Once you reach the line with "Twin Swan Plant Pot & Garden Ornament" below, copy each line exactly, stopping after the line with "Karrueche Tran in", and skip any pictures.

─── DATA LISTING

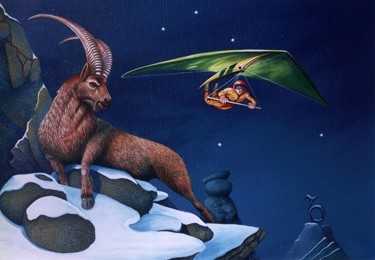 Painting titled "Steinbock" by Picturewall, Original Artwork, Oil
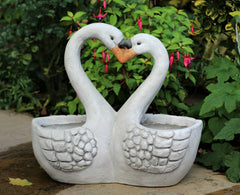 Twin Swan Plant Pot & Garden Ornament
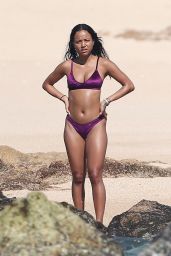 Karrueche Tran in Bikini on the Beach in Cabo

──────
─── DATA LISTING

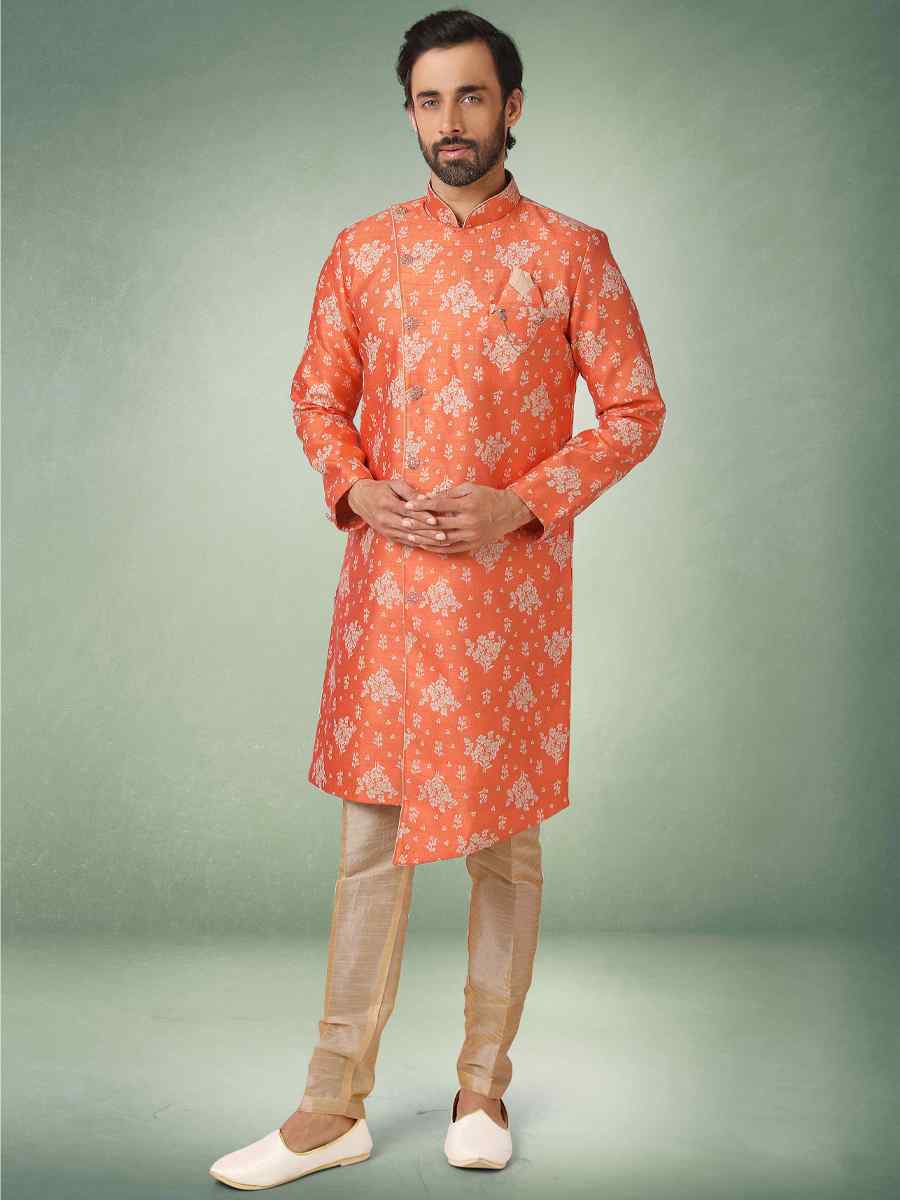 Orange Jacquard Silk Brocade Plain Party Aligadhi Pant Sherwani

──────

• **RESULT FOR THIS TASK**
 Twin Swan Plant Pot & Garden Ornament
 Karrueche Tran in Bikini on the Beach in Cabo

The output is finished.